Supplement to the Prospectus and Statement of Additional Information | June 27, 2018

Includes:

•  UBS Dynamic Alpha Fund
•  UBS Global Allocation Fund
•  UBS International Sustainable Equity Fund
•  UBS U.S. Sustainable Equity Fund (formerly, UBS U.S. Large Cap Equity Fund)
•  UBS U.S. Small Cap Growth Fund
•  UBS Municipal Bond Fund
•  UBS Total Return Bond Fund

Dear Investor,

The purpose of this supplement is to inform you of certain updates to the above-listed series (each a "Fund," and together the "Funds"), each a series of The UBS Funds (the "Trust").

At the recommendation of UBS Asset Management (Americas) Inc., each Fund's investment advisor, the Board of Trustees of the Trust approved the closure of Class C of each Fund and the automatic conversion of Class C shares of each Fund into Class A shares of the same Fund (the "Conversion").

Effective on or about July 12, 2018 (the "Closure Date"), the Funds will cease offering Class C shares. New or additional investments into Class C shares, including investments through an automatic investment plan, will not be permitted after the Closure Date.

On or about October 12, 2018 (the "Conversion Date"), all outstanding Class C shares of each Fund will be automatically converted into Class A shares of the same Fund.
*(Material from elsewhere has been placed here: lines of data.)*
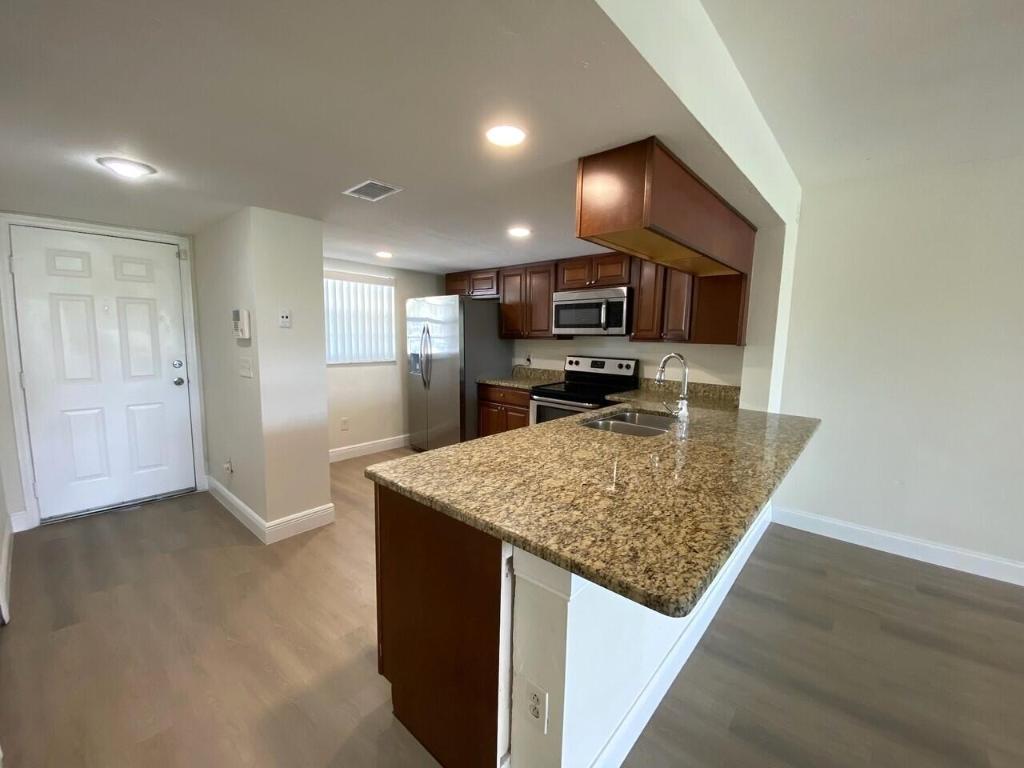 PALM BEACH TRACE CONDO - Residential Lease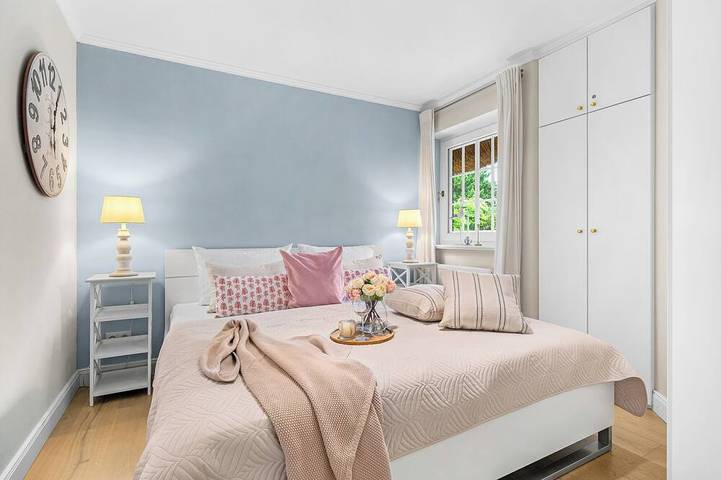 Ganze Wohnung, Ferienwohnung Reethüüs in Keitum auf Sylt unter Reet mit Terrasse & Strandkorb in Keitum, Sylt (Gemeinde)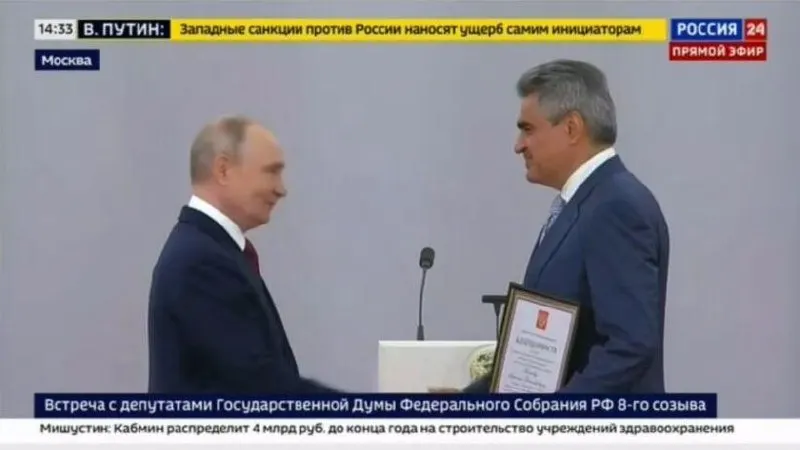 На церемонии награждения в Кремле глава партии «Новые Люди» Антон Нечаев заявил, что для победы России в специальной военной операции предстоит сделать ещё больше. Президент вручил благодарности главам думских фракций.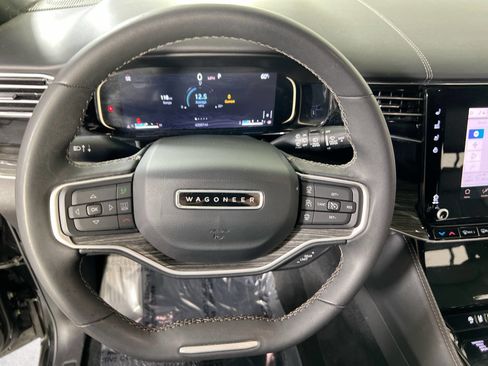 Used 2022 Jeep Wagoneer Series II image 11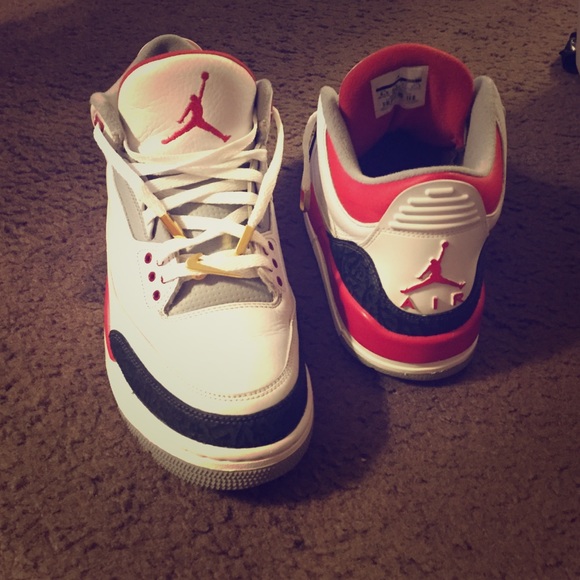 Jordan 3 Fire red 2013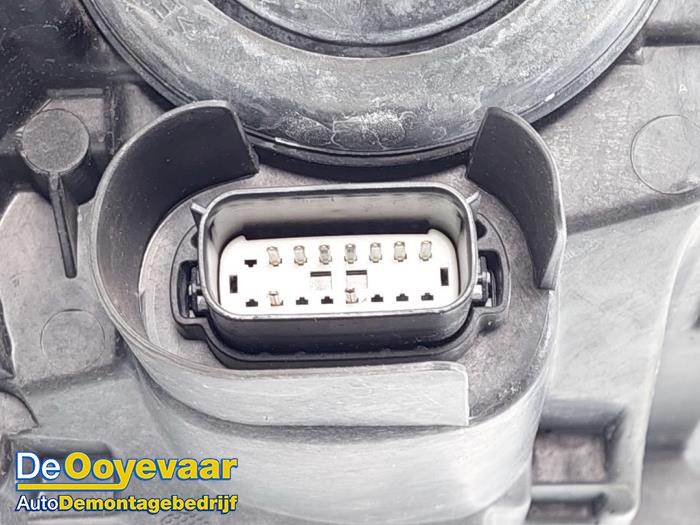 Koplamp links van een Ford Kuga III (DFK) 2.5 PHEV 16V 2021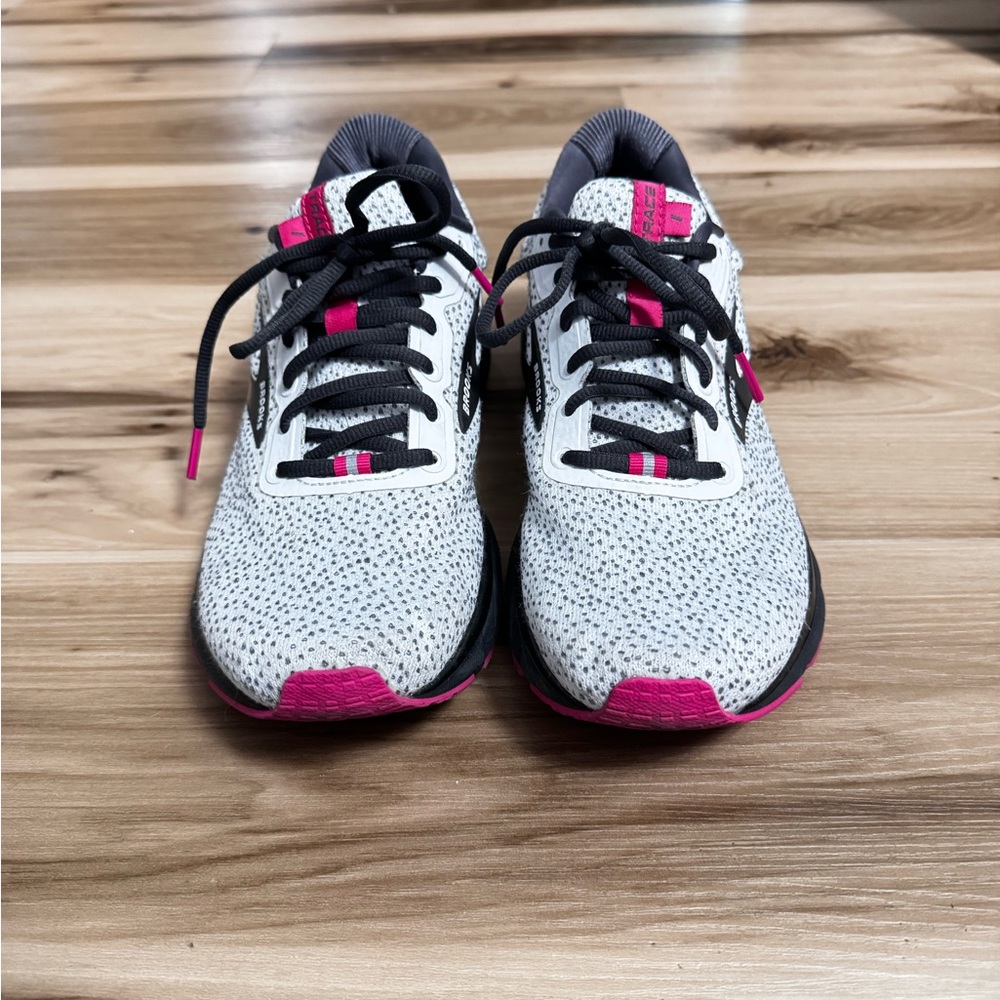 Women's Athletic Shoes - Brooks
From the Closure Date to the Conversion Date (the "Conversion Period"), the 12b-1 distribution fees (currently, 0.50% of average net assets for UBS Municipal Bond Fund and UBS Total Return Bond Fund, and 0.75% of average net assets for all other Funds) and any contingent deferred sales charges applicable to Class C shares will be waived; 12b-1 service fees (currently, 0.25% of average net assets) will continue to be assessed. During the Conversion Period, automatic reinvestment of Class C share dividend and capital gain distributions will continue and existing shareholders may exchange their Class C shares of the Funds for Class C shares of other UBS Family Funds (as defined in the Prospectus), as permitted by existing exchange privileges. Upon the conversion of Class C shares into Class A shares, each Class C shareholder will own Class A shares having an aggregate value equal to the aggregate value of Class C shares held by that shareholder as of the close of business on the Conversion Date. Any contingent deferred sales charges applicable to Class C shares will be waived in connection with the conversion to Class A shares, and the 12b-1 service fee currently applicable to Class A shares will then apply to the converted shares. It is anticipated that the conversion of Class C shares into Class A shares will be tax-free for federal income tax purposes.

ZS-960



The Conversion will occur without any action being necessary from shareholders.

Accordingly, effective as of the Conversion Date, all references to Class C shares of the Funds in the Prospectus and the Statement of Additional Information are hereby deleted.

PLEASE BE SURE TO RETAIN THIS IMPORTANT INFORMATION FOR FUTURE REFERENCE.